Civil Aviation Technology College is a college in Tehran, Iran specializing in civil aviation. It is also called the Higher Education Center because it is a university candidate. Civil Aviation Technology College Established in 1949, Civil Aviation Technology College is the pioneering center in the field of civil aviation Training. The College conducts its training programs in line with rules & regulations of Iranian Ministry of Higher Education and also requirements of aviation industry.

Founded in the 1949, it is the most accredited aviation college in Iran which also accepts students by UEE.  Most graduates of this school are among elite key people in aviation and oil and gas industry worldwide.
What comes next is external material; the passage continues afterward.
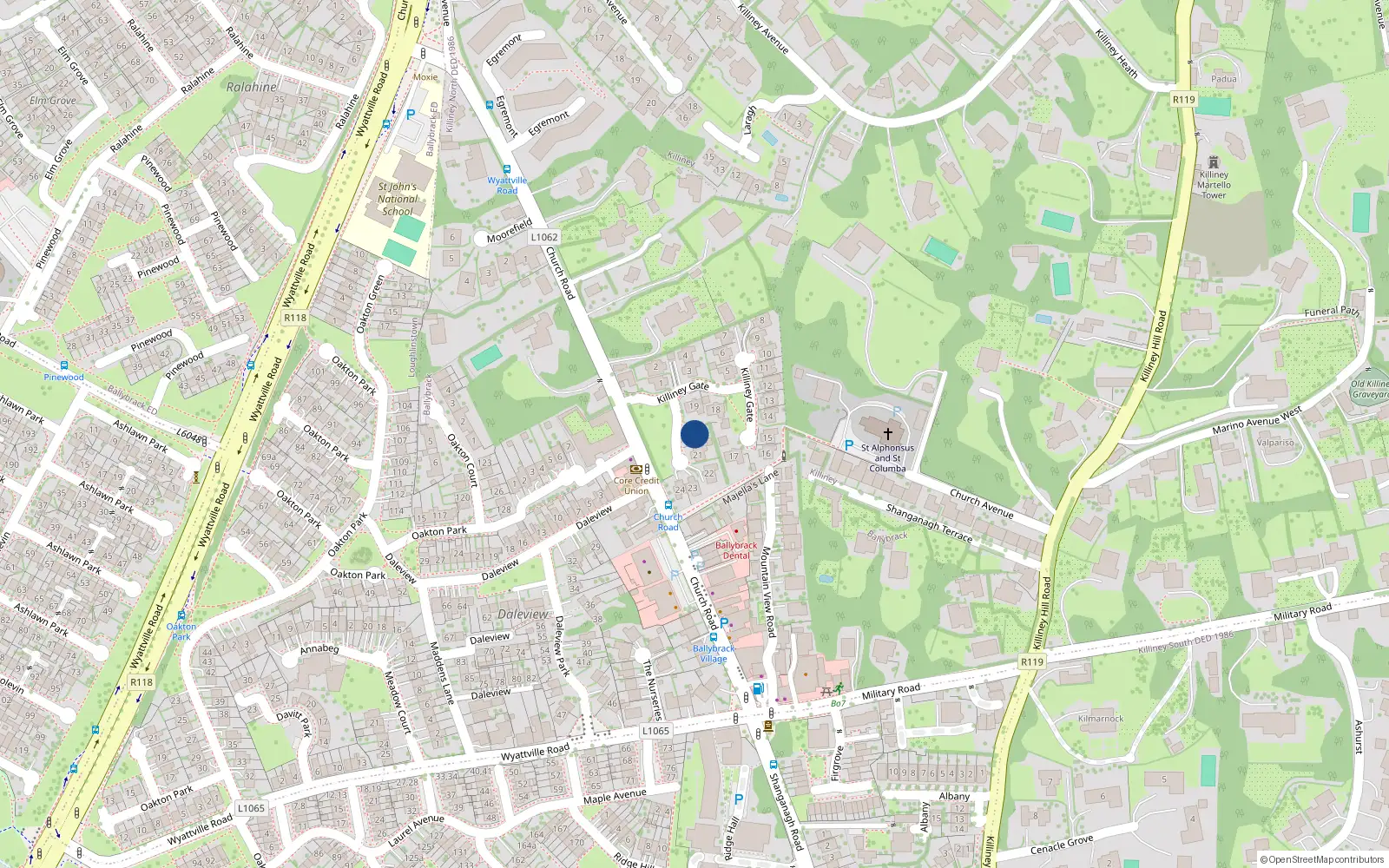 Overhead map showing the location of 20 Killiney Gate, Killiney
Civil Aviation Technology College is located on Meraj Street at the Mehrabad International Airport.

Name 
Before its official establishment, it was called the Aero Club (in Persian: باشگاه خلبانی). In the early years of its establishment, that is, from the 1940s, was a special school dedicated to the entire Civil Aviation, (in Persian:مرکز آموزش عالی اختصاصی سازمان هواپیمایی کشور) after the revolution, it was also known with that name. After that, it became the Civil Aviation technology College (in Persian: دانشکده صنعت هواپیمایی کشوری), and since 2005 in the Ministry of Science, it has been known as the Higher Aviation and Airport Higher Education Institute of the country. (In Persian: مؤسسه آموزشی عالی هوانوردی و فرودگاهی کشور)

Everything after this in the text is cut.